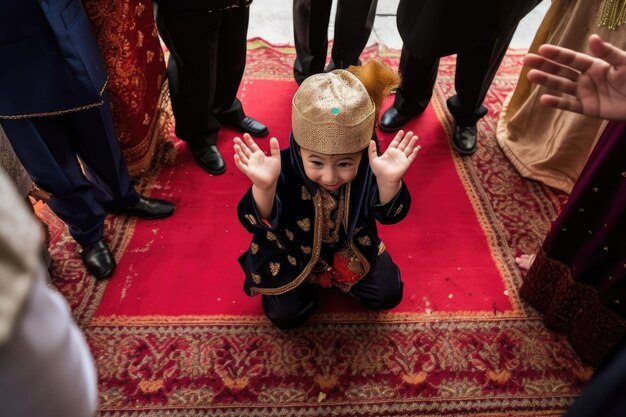 High angle shot of a young boy celebrating during his ceremony created with generative ai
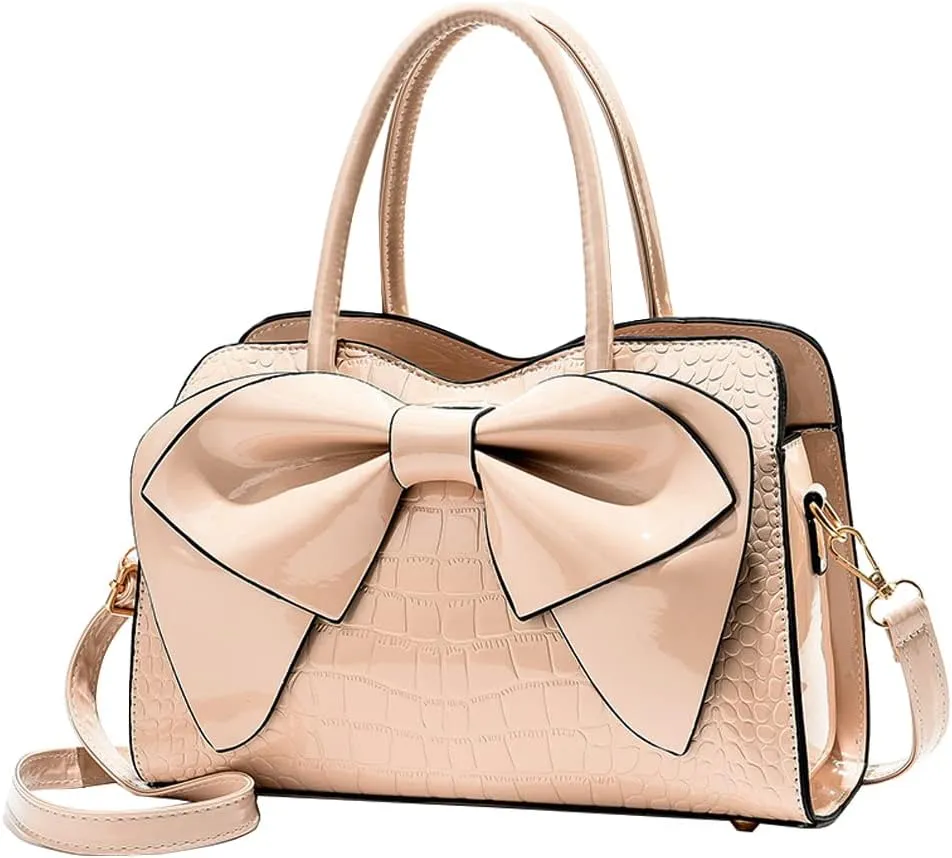 ZiMing Glossy Patent Leather Handbag for Women Satchel Bag Bowknot Purse Top Handle Bags Stylish Shoulder Bag Medium Tote Bag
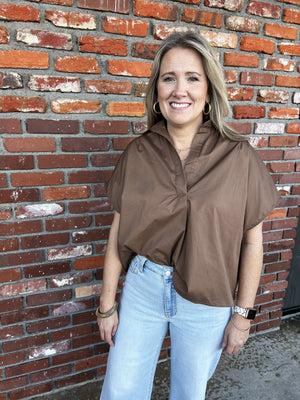 KARLIE CLOTHES Women's Top Karlie Solid Poplin Collar Vneck Top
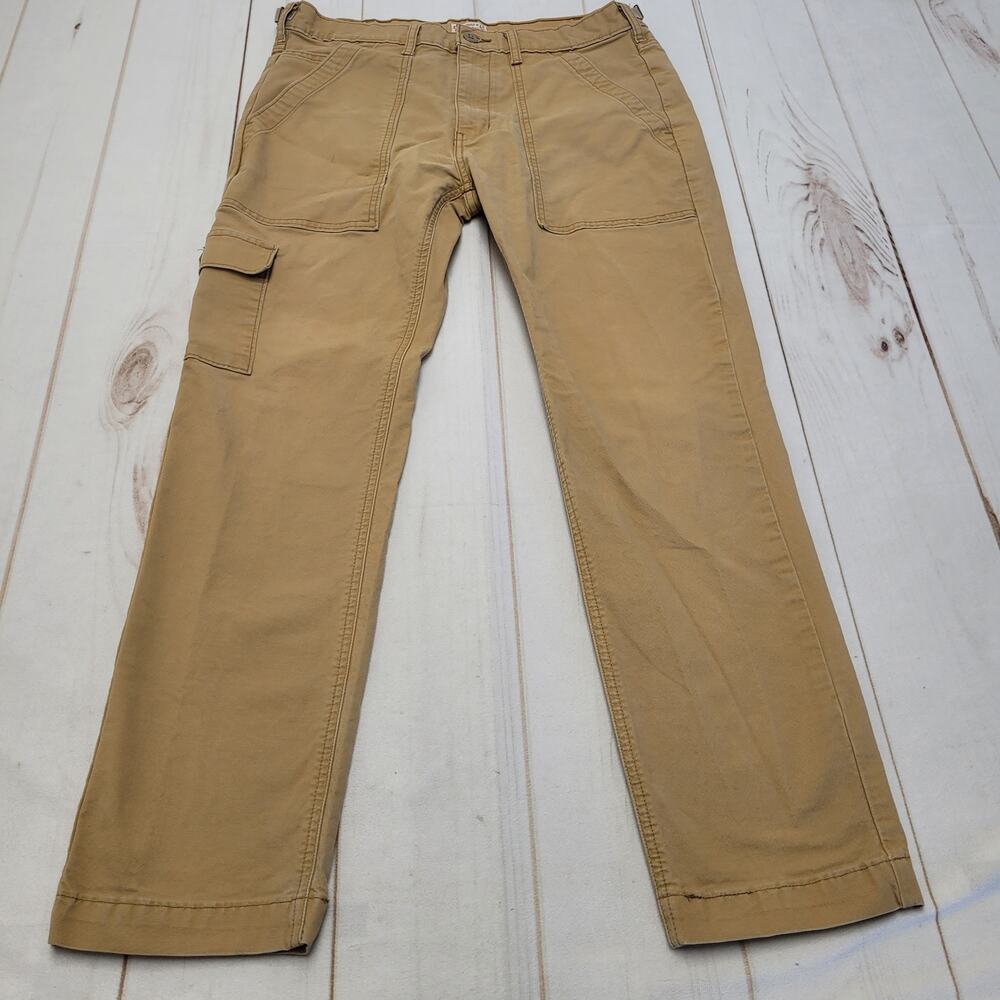 Levis khaki tan utility cargo pants cinch waist slim straight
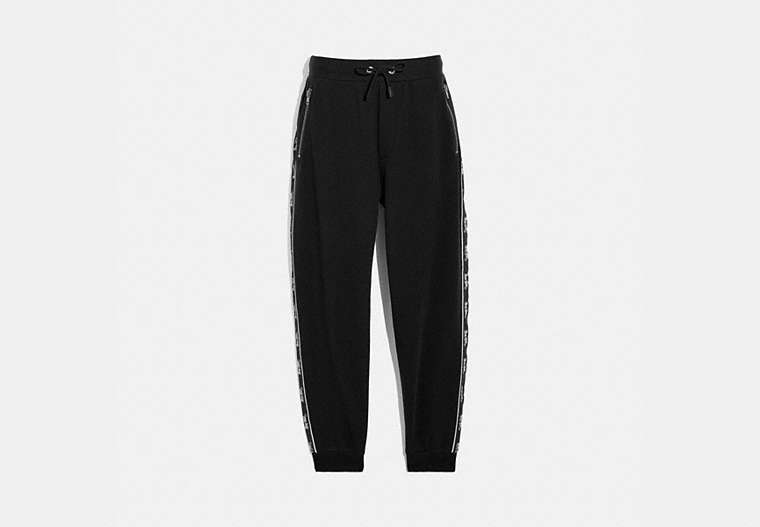 COACH®,HORSE AND CARRIAGE TAPE SWEATPANTS,cotton,Black,Front View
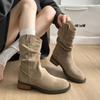 Vintage pleated new western rad mid-heel short boots women's beauty autumn thick heel fashion round head stacking boots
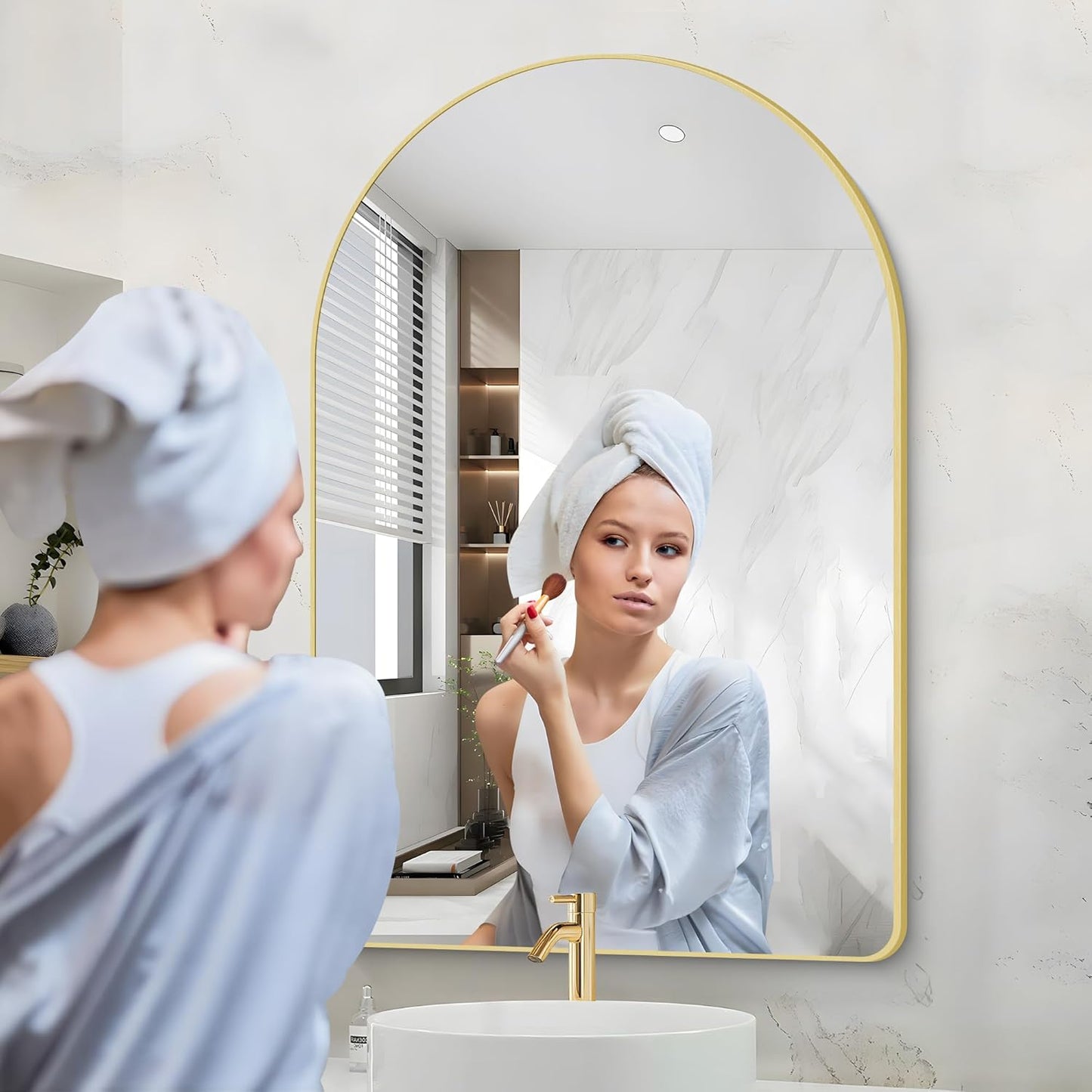 Arched Bathroom Mirror, 24"x36" Gold Arched Mirror for Bathroom, Wall Mounted Mirror, Gold Vanity Wall Mirror w/Metal Frame for Bedroom, Entryway, Living Room, Vertically Hanging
---*---
## What you will do
Excluding the pictures, restate word for word the lines from the one that holds "COACH®,HORSE AND CARRIAGE" through the last line of the entries, both ends included.

## Written solution
 COACH®,HORSE AND CARRIAGE TAPE SWEATPANTS,cotton,Black,Front View
 Vintage pleated new western rad mid-heel short boots women's beauty autumn thick heel fashion round head stacking boots
 Arched Bathroom Mirror, 24"x36" Gold Arched Mirror for Bathroom, Wall Mounted Mirror, Gold Vanity Wall Mirror w/Metal Frame for Bedroom, Entryway, Living Room, Vertically Hanging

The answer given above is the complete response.